There is an element of religious iconography present in the music of British sophisti-pop group Breathe. Of their five top 40 American hits, one is called “Say A Prayer”, another (the excellent and phenomenally sad “Does She Love That Man”) takes place during the Christmas season, and their debut single is called “Hands To Heaven”. Coincidence? I think so. Someone posited recently that they may have been a Christian-rock band in hiding, but I’m not so sure I buy that. There were no overt references to Jesus, no Scott Stapp-esque savior complexes.

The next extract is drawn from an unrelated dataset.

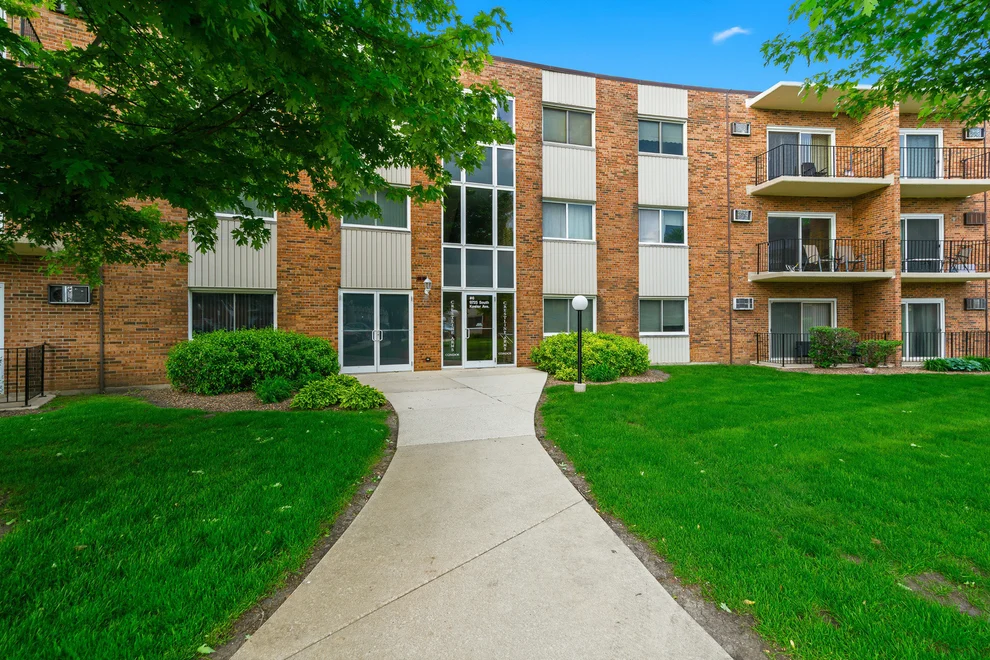 Unit for sale at 9725 S Keeler Avenue, Oak Lawn, IL 60453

Anyway, “Hands To Heaven” has a hymnal quality to it, but it’s a song about lovers who have separated and how the singer longs for them to be back together again. The pre-chorus asks for this lover to “raise your hands to heaven and pray” for a reunion so that there can be some sweet caressing, calming of loneliness and relieving of sadness. David Glasper sings the lyrics with all the trembly-lipped longing of a young British lad in love for the first time. It’s a soulful performance, as was the order of the day for many British pop acts during this period. Breathe slid right in alongside Sade, Simply Red, Spandau Ballet and many UK outfits that trafficked in light pop balladry, with varying degrees of soul and jazz influence. “Hands To Heaven” does feature a fairly kickass sax solo, but Glasper’s tortured singing is the main attraction here.

Back in the day when a reasonably anonymous pop act could get major play, “Hands To Heaven” spent a couple of weeks at the #2 position on the Billboard Hot 100, held back by a fellow Brit who blurred the lines between pop and soul: Steve Winwood, whose inferior Motown pastiche “Roll With It¹” was in the middle of its month-long reign atop the American charts. Breathe never charted higher, and they never made a better song (although to be fair, they made a handful of pretty great songs). Sometimes your first shot is your best shot.

¹-By the way, I hated “Roll With It” with a passion when it was popular. It’s grown on me over the years, but still didn’t deserve four weeks at #1. Who the hell was buying this record?